* EXERCISE DATA:
════
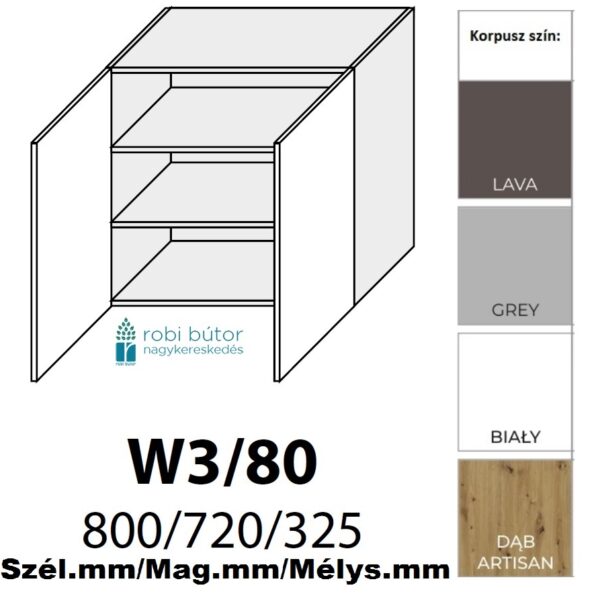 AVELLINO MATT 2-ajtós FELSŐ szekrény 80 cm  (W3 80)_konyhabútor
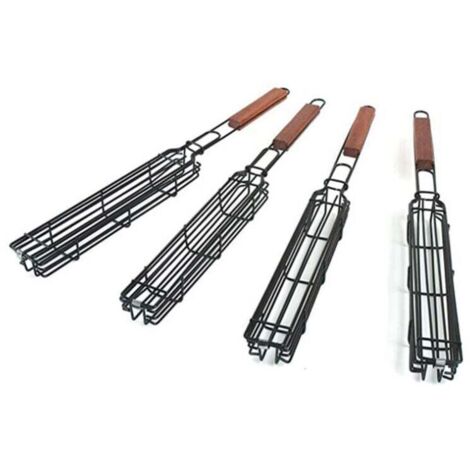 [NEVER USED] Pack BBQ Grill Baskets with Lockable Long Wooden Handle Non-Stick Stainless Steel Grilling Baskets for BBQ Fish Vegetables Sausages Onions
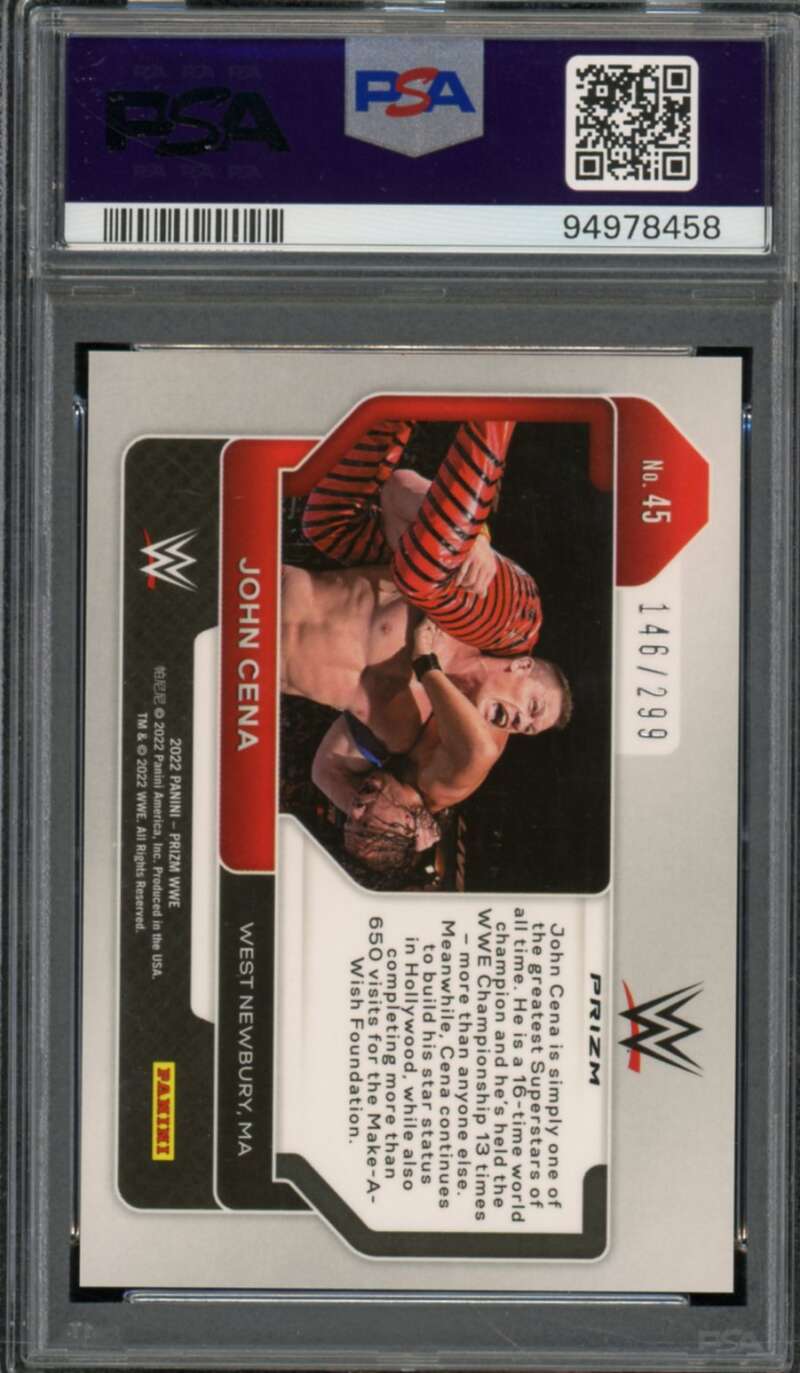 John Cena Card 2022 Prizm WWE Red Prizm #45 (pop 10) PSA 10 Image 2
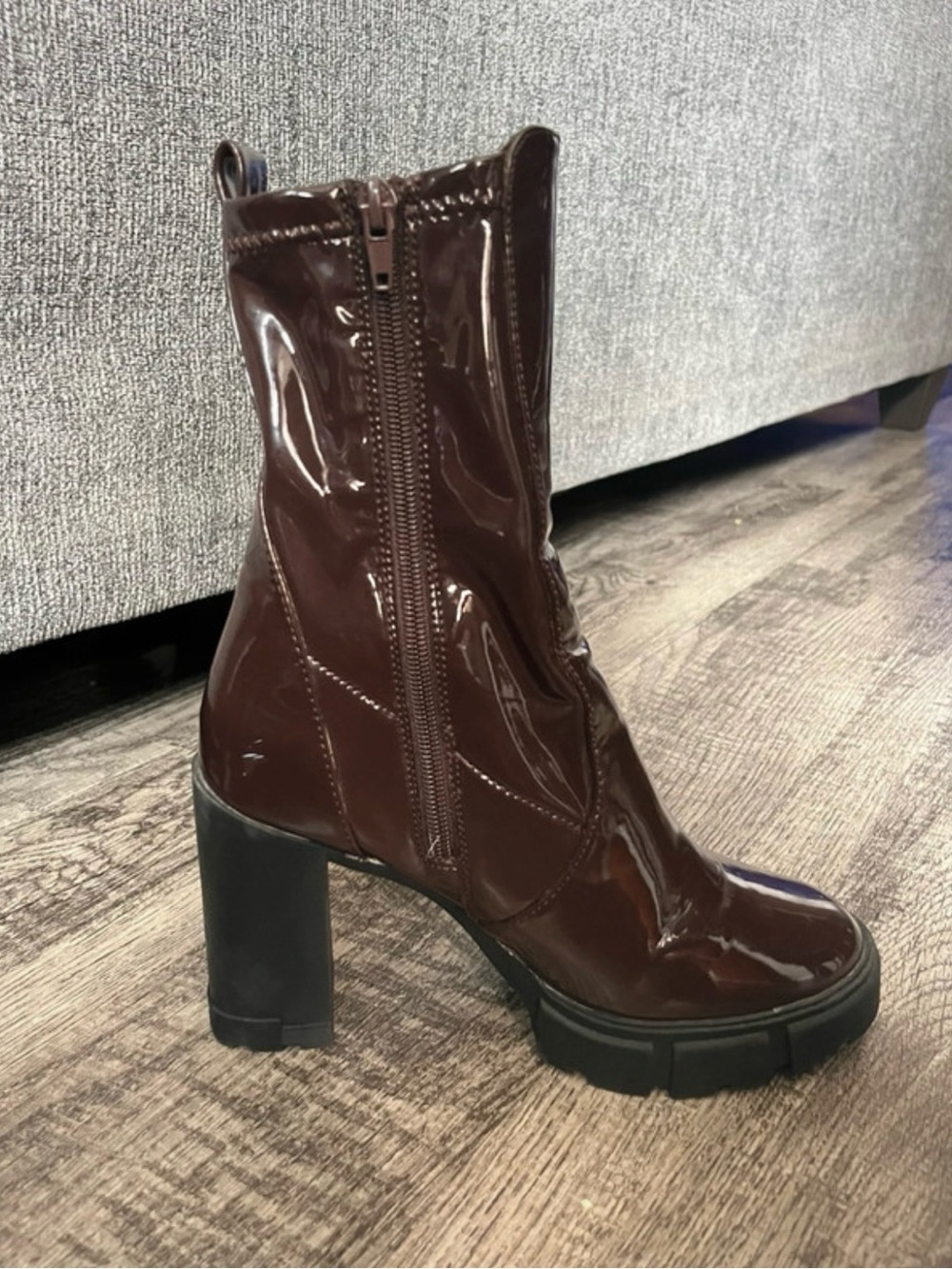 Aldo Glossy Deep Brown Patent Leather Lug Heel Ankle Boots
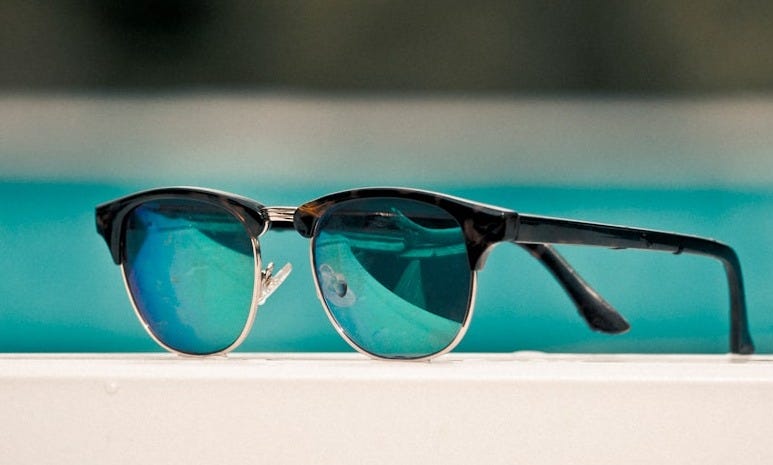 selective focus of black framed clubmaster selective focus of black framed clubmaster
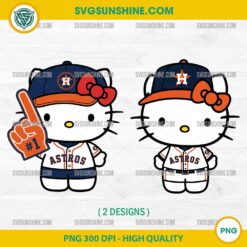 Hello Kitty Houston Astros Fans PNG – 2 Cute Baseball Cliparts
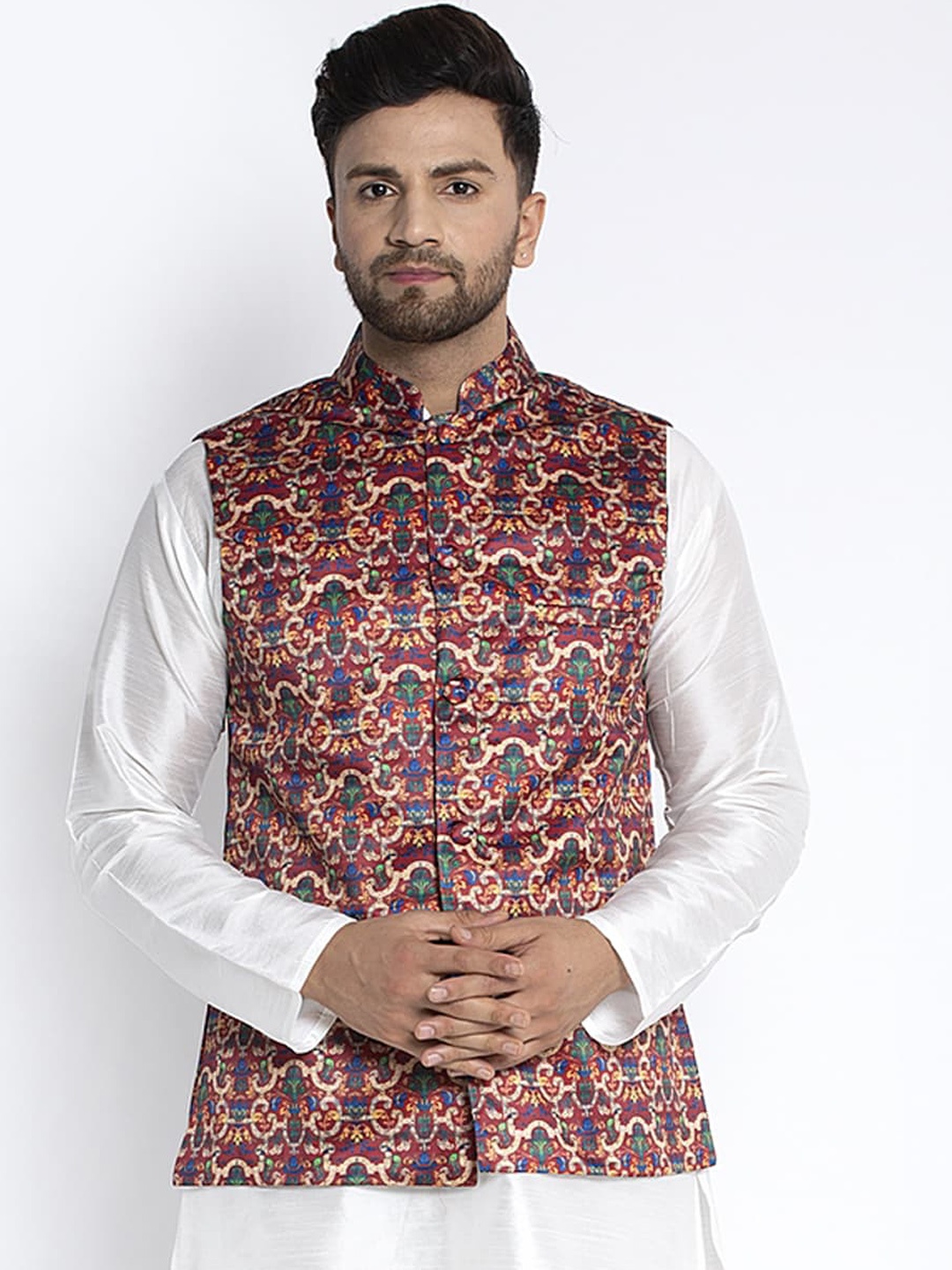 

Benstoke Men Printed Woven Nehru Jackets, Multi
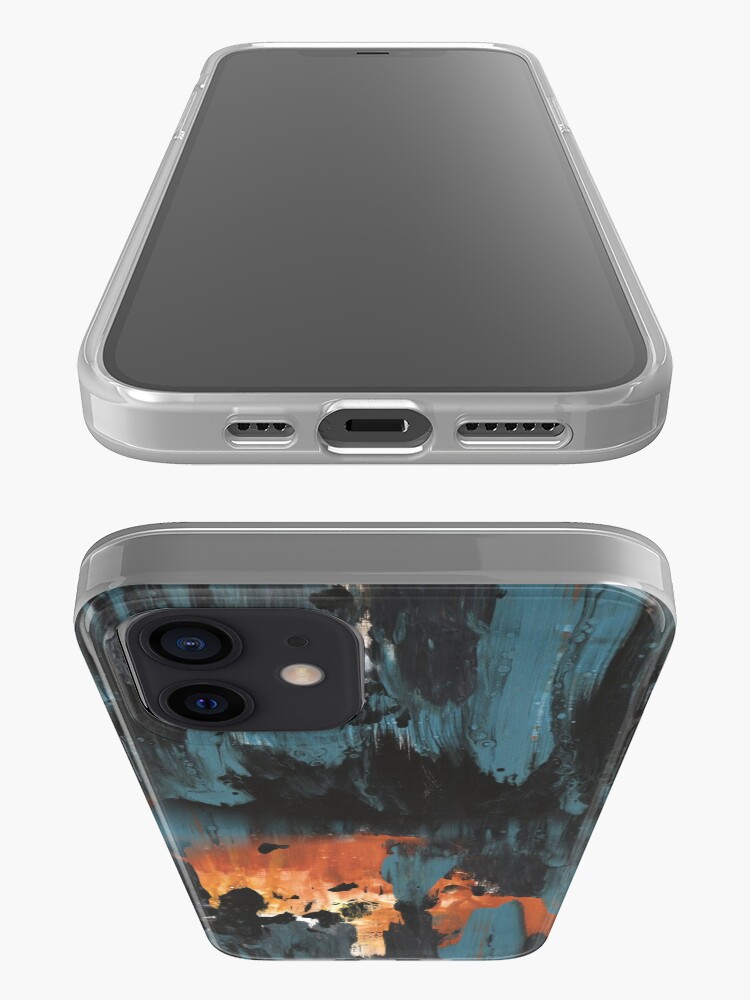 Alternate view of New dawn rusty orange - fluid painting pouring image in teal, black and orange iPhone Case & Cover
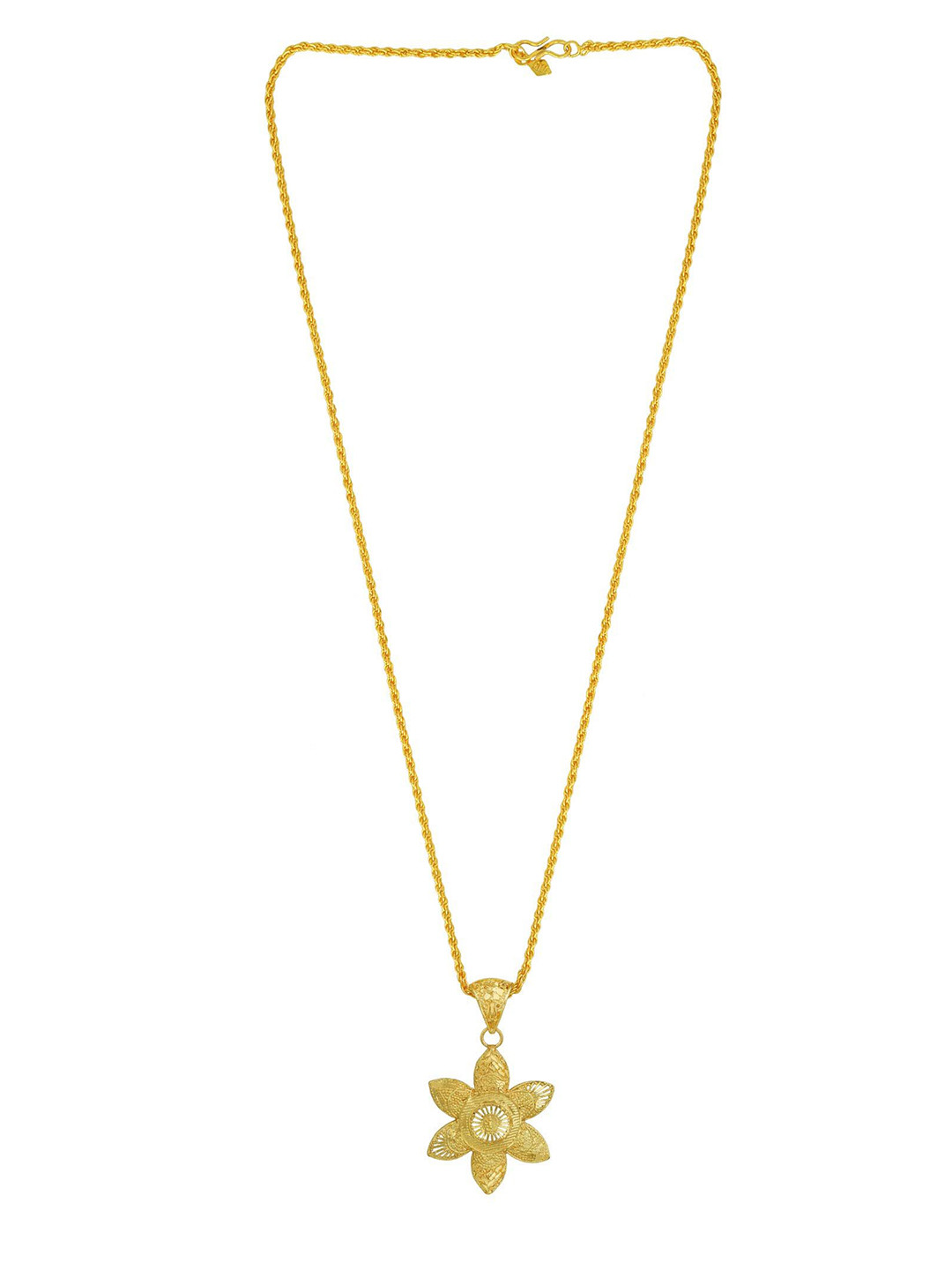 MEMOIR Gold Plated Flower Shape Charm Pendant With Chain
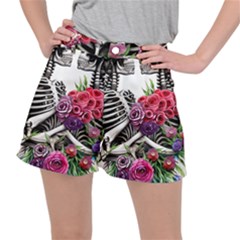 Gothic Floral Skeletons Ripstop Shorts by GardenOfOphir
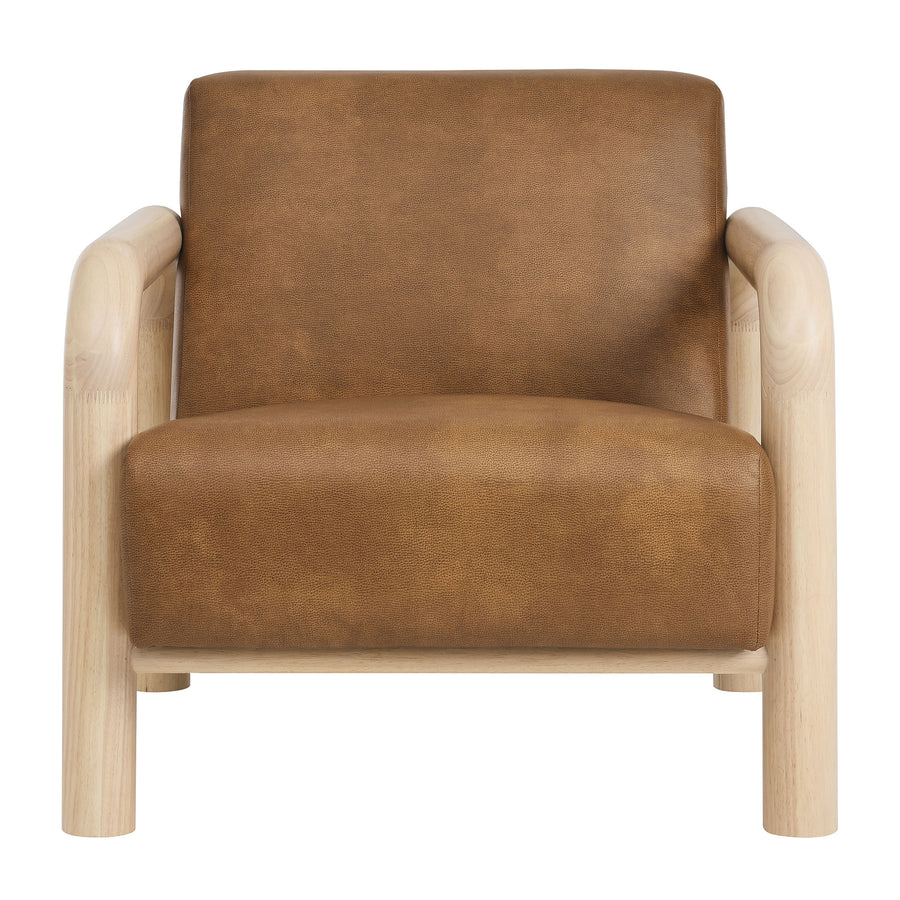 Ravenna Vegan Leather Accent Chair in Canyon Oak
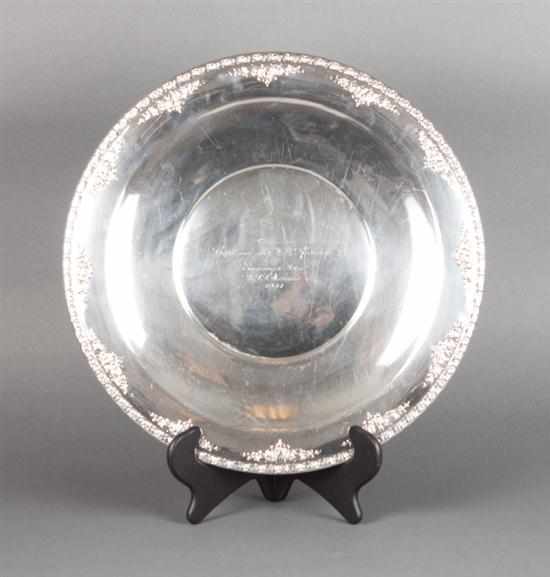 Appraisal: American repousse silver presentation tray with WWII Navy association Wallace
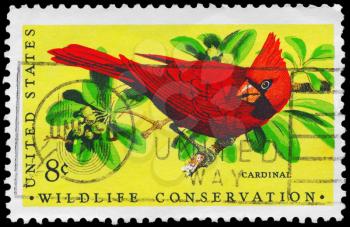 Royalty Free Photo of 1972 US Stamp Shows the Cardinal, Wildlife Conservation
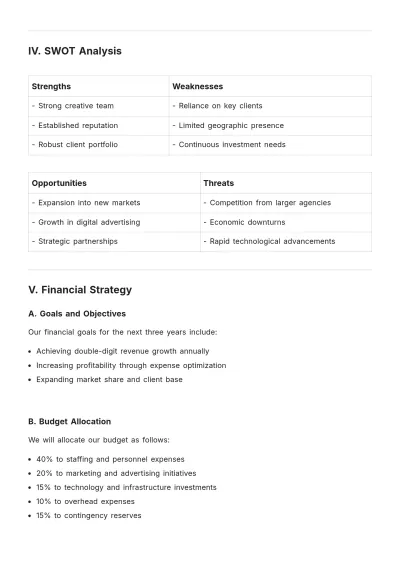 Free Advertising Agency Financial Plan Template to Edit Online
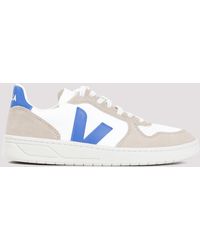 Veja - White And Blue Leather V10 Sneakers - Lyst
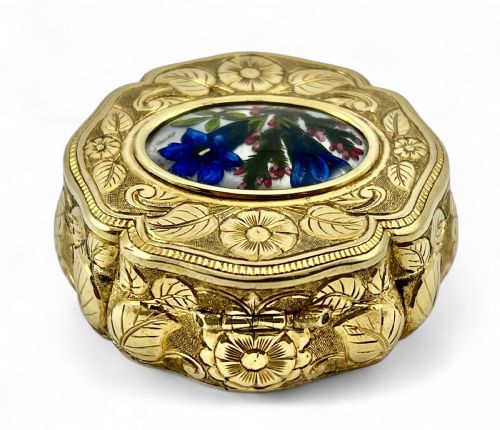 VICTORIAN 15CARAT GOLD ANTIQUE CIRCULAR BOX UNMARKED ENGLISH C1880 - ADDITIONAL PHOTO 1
════
* HOW TO COMPLETE THIS TASK: Every line between the one containing "Free Advertising Agency" and the last line of the data above, both included, should be copied exactly, but not the pictures.

* ANSWER TO THIS PROBLEM:
 Free Advertising Agency Financial Plan Template to Edit Online
 Veja - White And Blue Leather V10 Sneakers - Lyst
 VICTORIAN 15CARAT GOLD ANTIQUE CIRCULAR BOX UNMARKED ENGLISH C1880 - ADDITIONAL PHOTO 1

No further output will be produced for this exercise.